You know, last year, our gross loss ratio—our combined ratio, excuse me—for our insurance business, HOA, was third best. And we were also the third fastest growing homeowners insurance carrier in the entire market. There's a report from AM Best, and the data is directly from there, so we're starting to see this all benefit. You know, on the software side, you know, as I mentioned, it's been pretty wonderful to see the team's performance and focus on what we can control in this really tough housing market. I think as we get some tailwinds there instead of headwinds, I think that'll be, you know, fun to see those businesses come out of that cycle and really grow-

Moderator

Yeah.

Shawn Tabak
CFO, Porch

... profitably.

Moderator

Yeah, I mean, I, I think that's something people tend to overlook with your story, particularly, is over half of the business is insurance now. And you can see from some of these P&C guys, some of the public guys in the market, like, yeah, losses are terrible, but, like, that generally means that good times are ahead for revenue, right? Because you do go get the rates, and that's direct increase in premium, is a direct increase of insurance revenue for you, right? People tend to overlook that, that you guys will have natural-... do you call it cycle-driven headwinds or whatever, you're gonna have that in place. Housing doesn't have to be great, it just is lapping such easy comps. I think we're at 28 straight months of year-over-year declines. We're finally getting to, like, down 1%-2%. Feels like we're kinda making that turn, so.

Shawn Tabak
CFO, Porch

Yeah.

Moderator

Like, the top line feels like you've just got it set to grow next year, right? To what extent, we'll see the trajectory, but like, talk to us about the margin profile, the profitability. You know, you guys have talked about Adjusted EBITDA. Looks like you're well on your way of hitting that target.

Shawn Tabak
CFO, Porch

Yep.

Moderator

You talked about positive adjusted EBITDA next year. The story, what it feels like it really needs right now is, like, that clear inflection to cash flow growth, right? 'Cause we do have debt we gotta deal with and whatnot. So, talk about that kind of profile, what we look like kinda coming into a cash flow positive, and what the margin maybe potential could be over time, maybe?

Shawn Tabak
CFO, Porch

Yep, yep. So the software businesses have, you know, very high, incremental, contribution margin businesses. Relatively, fixed cost base there with high gross margins. And so, you know, as those businesses grow, you, you'll see what, you'd expect to see from, software businesses with a very good operating leverage, and, and a lot of, you know, incremental growth hitting the bottom line. I think for the insurance business, we've really had a focus on profitability as well. We've increased our premiums year-over-year, in Q3 as an example, almost 40%. And, you know, we've looked at the, underwriting conditions, throughout the book and have adjusted those to gear towards profitability. We've non-renewed policies.
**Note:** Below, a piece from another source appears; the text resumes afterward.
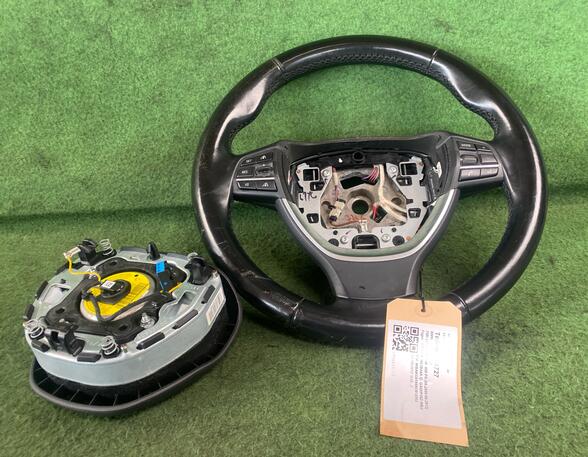 Steering Wheel BMW 7er (F01, F02, F03, F04)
We do very detailed analysis by policy, and if there are specific geos where we're not able to get the rate that we need, we're gonna non-renew those. We just announced that we're exiting the state of Georgia, as an example, because we're not able to get the rate that we need, and you know, we wanna be prudent capital managers, so we're exiting that market. And then just leaning into the data advantages that we have, you know, from those 40-odd page inspection reports on the home and continuing... You know, that will be an evolution over time. You know, I think we're still in the very early innings there, but are starting to see definitely the impact of that really flow through.

So all of that drives, you know, Adjusted EBITDA, and profitability of the business. For us, the difference between EBITDA and free cash flow is mainly the, the coupon that we have on our secured note. So we have a secured note, $333 million with 6.75%, that we have in place. And you know, just above $20 million of interest that we have on that, and that's really the bridge. We don't pay a lot of taxes. We don't have any structural working capital items. We don't have a lot of CapEx or other things like that. So, you know, you know, as we continue to grow, you'll, you'll see a lot of leverage, coming into the model.

I think the other thing worth noting also, in this environment, we have $450 million of cash and investments sitting on the books. You know, a lot of that is earning mid-single-digit, you know, interest, just, sitting in high-yield savings, cash accounts, as well as some investments that we have. So, you know, that also offsets part of the coupon that we have, on that secured. So those are the, those are the factors there, and, we're focused on generating free cash flow.

Moderator

Yeah.

Shawn Tabak
CFO, Porch

... in the short term, Adjusted EBITDA as the best proxy for that.

Moderator

Yeah. It's a pretty important moment for your stock, hitting that kind of inflection. You know, like, looking at your stock valuation, I don't think you can even make sense of it, right? I mean, you could value anyone, you could sell any one of your handful of your businesses and be at your stock price now, right? From a sum of the parts standpoint, it's just, it's silly at this stage. So I don't want to, don't want you to really comment on the valuation. I mean, your stock has doubled over the last three or four sessions. Got a long way to go, obviously. But talk to us a little bit about, how you guys kind of view the debt at this stage. How you think about...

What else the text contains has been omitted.